Pour préparer le procès, les élèves devaient d’abord avoir une vision objective de ce qu’était l’univers minier à l’époque de Zola. Pour cela, ils ont dû faire des recherches et créer des diaporamas, sur des thématiques précises comme les outils utilisés, les métiers, etc. Ils devaient connaître l’auteur et le mouvement littéraire : ils ont dû réaliser une interview radio de Zola. Ainsi le présentateur posait des questions à l’auteur qui y répondait. Ils devaient encore connaître l’histoire : ils ont dû réaliser le blog d’un personnage en utilisant l’ENT. Ils devaient se mettre dans la peau de ce personnage et imaginer des statuts du blog au fur et à mesure de la lecture. Entrer dans l’analyse des lectures analytiques, travailler l’art argumentatif (comment rédige-t-on une argumentation ?), travailler l’oral de manière régulière : grâce à tout cela, ils pouvaient formuler des arguments afin d’alimenter le procès.
Au final, quel bilan tirez-vous du travail mené ?
J’ai été très contente du résultat. Les élèves prenaient beaucoup de plaisir à réaliser les procès et cet engouement montrait que les élèves s’étaient approprié l’œuvre zolienne. Ils portaient un jugement sur cette œuvre, défendaient leurs points de vue, souvent avec vigueur. Donc, l’objectif était atteint : ils étaient capables de parler d’une œuvre résistante et de donner un avis sur celle-ci.
Les difficultés rencontrées étaient que, lors des procès, les arguments étaient parfois peu probants et qu’ils étaient répétitifs. Malgré l’intervention du modérateur qui relançait le débat en posant des questions. Les élèves avaient du mal à trouver des arguments autres que ceux formulés dans le cadre des lectures analytiques.
Qu’est-ce qui dans ce travail vous semble transférable sur d’autres œuvres ?

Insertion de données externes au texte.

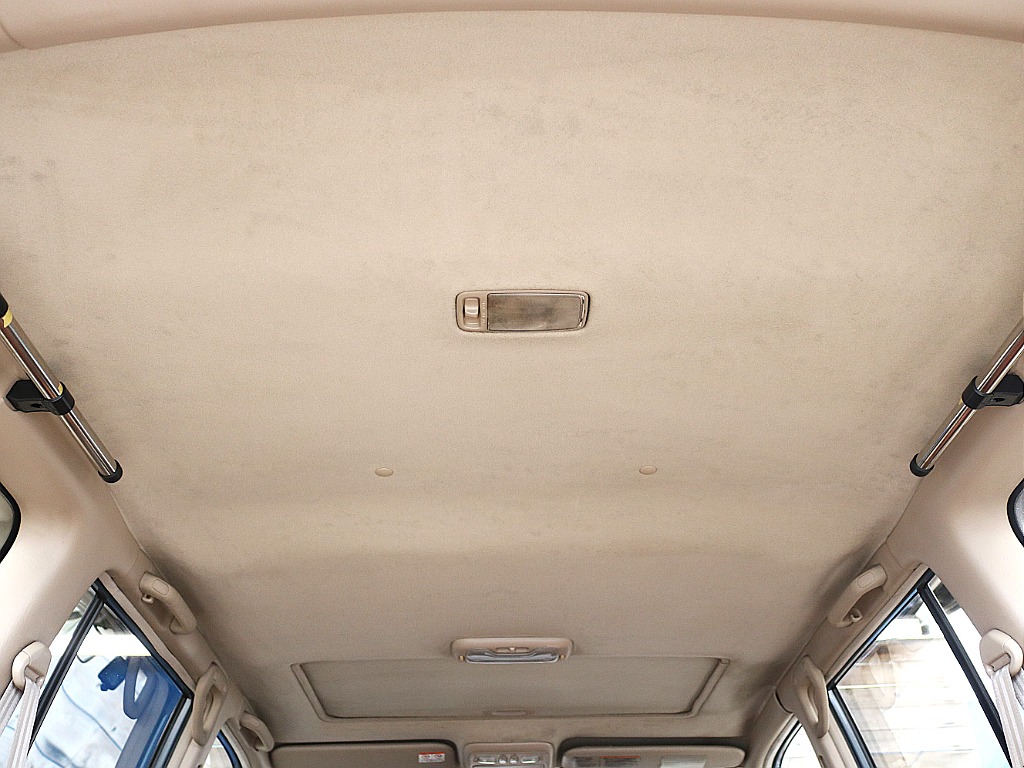 天張りの状態もスレや汚れも少なく比較的良好です♪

La démarche d’enquête est transférable à de nombreuses œuvres. On peut ainsi réfléchir sur un personnage (la question de l’héroïsme par exemple en classe de 5ème, accuser un personnage de monstrueux, alors qu’il ne l’est peut-être pas, en classe de 6ème), autant que sur la démarche d’un auteur (La Fontaine est-il coupable de critiquer les puissants, en classe de 6e).